© Universiti Tun Hussein Onn Malaysia Publisher's Office





The International Journal of Integrated Engineering

Journal homepage: http://penerbit.uthm.edu.my/ojs/index.php/ijie

# **Power-Effective Vedic-Hierarchical Multiplier**

# Wong Moon Cheng<sup>1</sup>, Mohd Rizal Arshad<sup>1</sup>\*

<sup>1</sup>Universiti Sains Malaysia Engineering Campus, 14300 Nibong Tebal, Pulau Pinang, MALAYSIA

\*Corresponding author

DOI: https://doi.org/10.30880/ijie.2020.12.02.009 Received 1 March 2019; Accepted 2 January 2020; Available online 28 February 2020

**Abstract:** The motivation of this project is to design a power effective multiplier without having much drawback in term of time constraint and area utilization. This is due to the overall power dissipation which increases in direct proportion to the increase in power density. The area and time constraint are considered as pertinent design parameters with the increase in market demand for high performance and complex portable systems. The current hierarchical multiplier designs suffer on long critical path and large area utilization. These parameters caused the hierarchical multiplier design to be less effective in term of power saving. The objective of this research is to reduce overall power dissipation and ensure that the multiplier achieve timing requirement. This paper proposes the design 1 by using two 4-bit Binary-to-Excess-One Converter (BEC) instead of an 8-bit BEC. The BEC reduce the critical path and cause low power dissipation. Design 2 which is implementation of Carry Select Adder (CSIA) with tristate buffer is to reduce logic elements. The power dissipation is reduced because of the decrease in the number of logic elements which leads to the lower number of logic gates. Both advantages of design 1 and design 2 are combined to become design 3. Design 3 is the lowest power dissipation design because it consists of the lowest number of logic elements and the shortest critical path. The timing requirement for all designs are met as shown by the positive slack time of 9.034 ns, 8.686 ns and 9.404 ns respectively. The power dissipation of the combinational multipliers designs have been improved to 60.96%, 60.89% and 61.02% respectively.
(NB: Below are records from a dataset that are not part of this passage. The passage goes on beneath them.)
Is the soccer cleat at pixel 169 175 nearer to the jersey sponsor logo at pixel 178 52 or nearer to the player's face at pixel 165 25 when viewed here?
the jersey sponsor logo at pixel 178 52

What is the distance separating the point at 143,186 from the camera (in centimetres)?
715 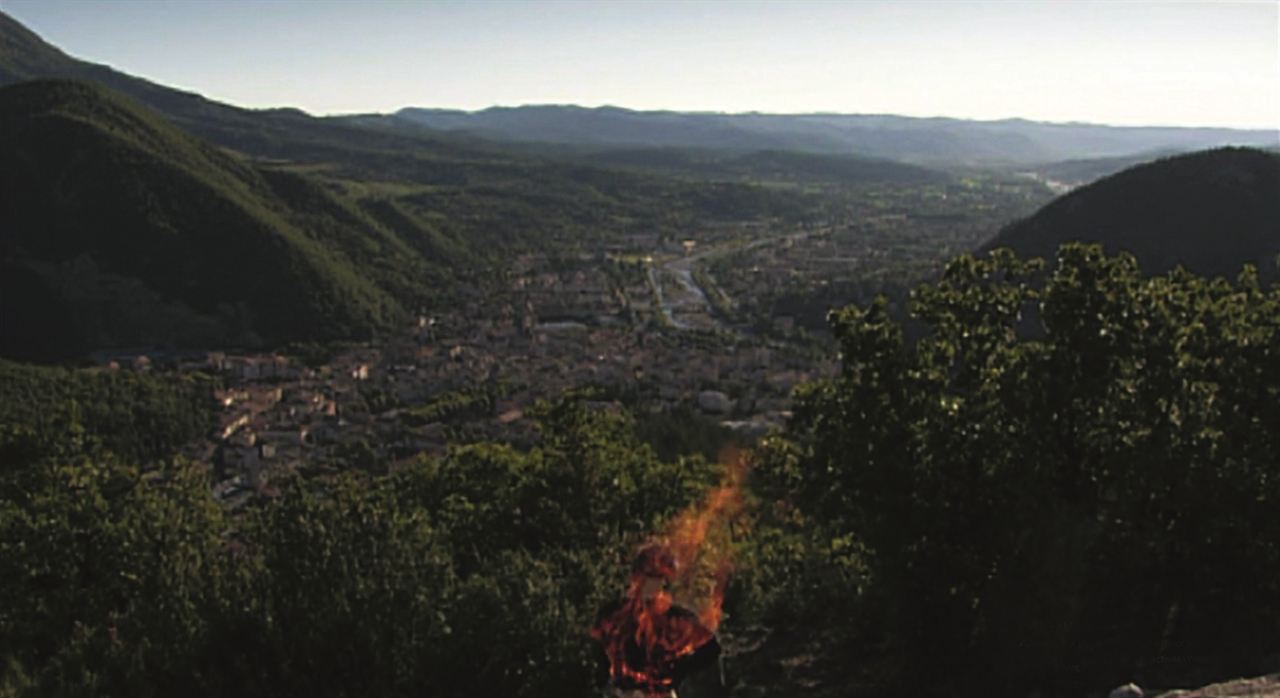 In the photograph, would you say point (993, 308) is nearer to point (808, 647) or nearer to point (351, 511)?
point (808, 647)

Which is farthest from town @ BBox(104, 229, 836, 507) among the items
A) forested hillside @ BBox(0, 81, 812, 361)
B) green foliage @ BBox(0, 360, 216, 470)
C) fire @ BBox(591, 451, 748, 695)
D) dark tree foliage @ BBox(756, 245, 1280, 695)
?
fire @ BBox(591, 451, 748, 695)

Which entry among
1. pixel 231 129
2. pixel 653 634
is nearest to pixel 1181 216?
pixel 653 634

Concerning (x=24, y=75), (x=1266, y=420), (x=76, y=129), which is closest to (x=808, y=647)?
(x=1266, y=420)

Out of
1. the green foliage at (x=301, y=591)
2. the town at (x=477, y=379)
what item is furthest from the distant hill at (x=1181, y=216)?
the green foliage at (x=301, y=591)

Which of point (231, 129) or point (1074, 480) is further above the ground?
point (231, 129)

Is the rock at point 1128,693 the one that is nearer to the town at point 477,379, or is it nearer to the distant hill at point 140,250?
the town at point 477,379

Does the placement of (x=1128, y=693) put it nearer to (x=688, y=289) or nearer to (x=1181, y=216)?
(x=1181, y=216) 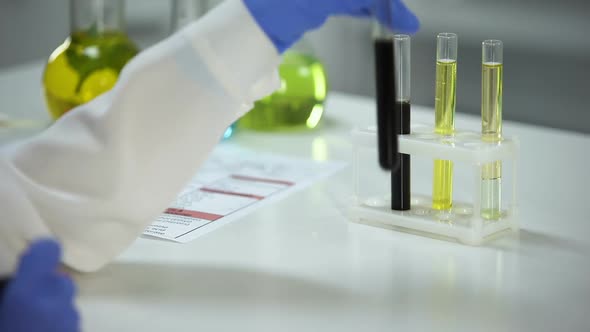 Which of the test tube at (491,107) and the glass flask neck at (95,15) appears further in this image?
the glass flask neck at (95,15)

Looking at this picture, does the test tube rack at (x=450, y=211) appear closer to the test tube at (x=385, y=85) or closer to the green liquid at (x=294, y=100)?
the test tube at (x=385, y=85)

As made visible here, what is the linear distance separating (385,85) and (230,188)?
43 centimetres

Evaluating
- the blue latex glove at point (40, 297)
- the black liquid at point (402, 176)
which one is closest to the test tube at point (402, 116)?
the black liquid at point (402, 176)

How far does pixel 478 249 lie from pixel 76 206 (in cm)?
39

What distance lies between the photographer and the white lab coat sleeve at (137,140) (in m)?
0.71

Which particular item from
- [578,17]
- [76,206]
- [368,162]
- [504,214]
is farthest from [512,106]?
[76,206]

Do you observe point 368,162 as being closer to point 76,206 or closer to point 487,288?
point 487,288

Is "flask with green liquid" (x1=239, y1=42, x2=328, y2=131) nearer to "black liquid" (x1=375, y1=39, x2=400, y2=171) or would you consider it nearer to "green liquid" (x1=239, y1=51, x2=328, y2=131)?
"green liquid" (x1=239, y1=51, x2=328, y2=131)

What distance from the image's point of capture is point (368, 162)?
3.79 feet

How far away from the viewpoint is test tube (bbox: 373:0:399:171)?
0.65 metres

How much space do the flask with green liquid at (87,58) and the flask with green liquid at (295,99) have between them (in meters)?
0.21

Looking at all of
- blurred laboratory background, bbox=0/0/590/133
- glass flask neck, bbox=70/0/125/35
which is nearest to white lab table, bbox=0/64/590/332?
glass flask neck, bbox=70/0/125/35

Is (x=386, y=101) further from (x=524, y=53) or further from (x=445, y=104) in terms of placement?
(x=524, y=53)

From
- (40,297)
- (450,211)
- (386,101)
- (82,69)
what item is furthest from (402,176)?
(82,69) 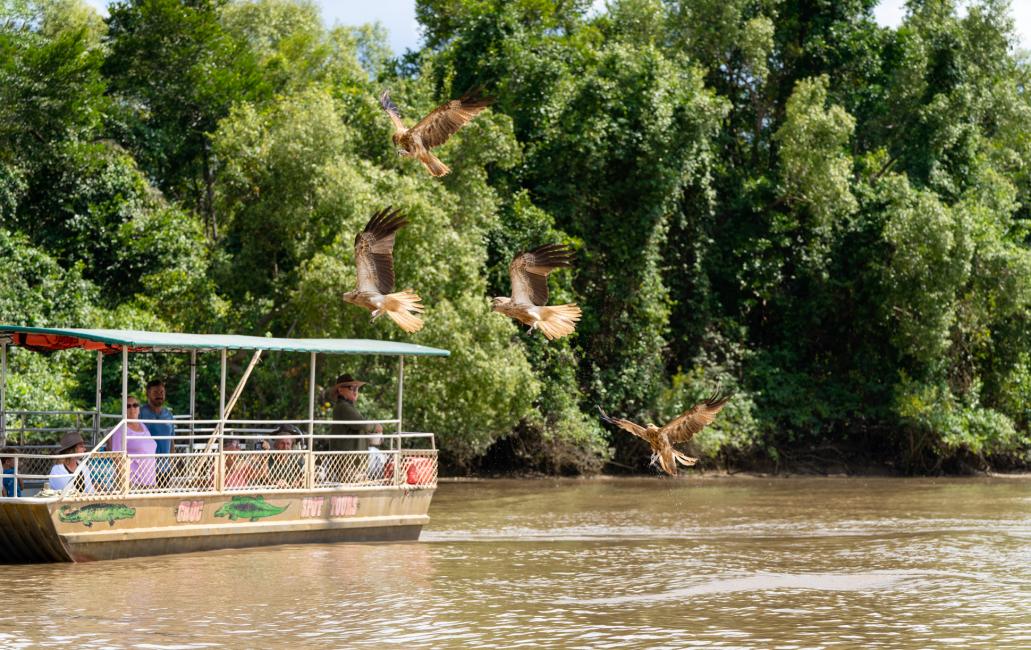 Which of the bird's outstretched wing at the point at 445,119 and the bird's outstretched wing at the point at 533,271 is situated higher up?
the bird's outstretched wing at the point at 445,119

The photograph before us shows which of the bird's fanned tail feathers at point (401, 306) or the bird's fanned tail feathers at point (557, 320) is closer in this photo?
the bird's fanned tail feathers at point (557, 320)

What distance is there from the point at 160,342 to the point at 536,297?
149 inches

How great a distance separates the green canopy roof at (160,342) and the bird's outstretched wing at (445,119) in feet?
8.36

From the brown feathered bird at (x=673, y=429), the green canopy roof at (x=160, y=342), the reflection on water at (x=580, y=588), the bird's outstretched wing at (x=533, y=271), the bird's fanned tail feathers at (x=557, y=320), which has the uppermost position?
the bird's outstretched wing at (x=533, y=271)

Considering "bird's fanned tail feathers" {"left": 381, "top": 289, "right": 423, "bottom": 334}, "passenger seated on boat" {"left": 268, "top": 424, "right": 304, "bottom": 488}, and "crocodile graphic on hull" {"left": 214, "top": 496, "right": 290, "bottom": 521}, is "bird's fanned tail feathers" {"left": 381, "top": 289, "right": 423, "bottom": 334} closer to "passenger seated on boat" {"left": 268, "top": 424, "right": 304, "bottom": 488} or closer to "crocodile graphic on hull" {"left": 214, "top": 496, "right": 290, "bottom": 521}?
"passenger seated on boat" {"left": 268, "top": 424, "right": 304, "bottom": 488}

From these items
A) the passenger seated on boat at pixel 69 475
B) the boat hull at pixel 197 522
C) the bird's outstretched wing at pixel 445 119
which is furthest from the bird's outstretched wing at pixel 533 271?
the passenger seated on boat at pixel 69 475

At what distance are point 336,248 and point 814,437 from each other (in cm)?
1285

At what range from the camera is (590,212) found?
30.1 meters

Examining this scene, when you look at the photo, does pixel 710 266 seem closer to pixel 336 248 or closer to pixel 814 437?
pixel 814 437

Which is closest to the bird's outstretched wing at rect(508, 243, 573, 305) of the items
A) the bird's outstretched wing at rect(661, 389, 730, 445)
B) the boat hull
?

Keywords: Low power dissipation, Hierarchical multiplier, Vedic mathematics, Carry Select Adder, Binary-to-Excess-one Converter, FPGA

# 1. Introduction

Multiplication involves the partial product generation, partial product reduction and partial production addition for computing multiplication process. Area, speed and power dissipation are three essential design parameters for VLSI design. High speed, less area and low power consumption are ideal case for design. Either two of this parameter become research interest of designer [1, 2]. Multiplier takes a significant impact for computational performance. The multiplication is an arithmetic logic operation for many applications especially it dominate most of the DSP algorithm in term of execution time.

Power dissipation is leakage power consumption which depend on the temperature profile of on-chip implementation and higher temperature result in higher power dissipation. One of the way to reduce power is reducing size (number of transistors) of the gate that impact on delay of circuit. Power dissipation is applicable to all the hardware component including FPGA and multiplier is one of the programmable logic gate array in FPGA [3].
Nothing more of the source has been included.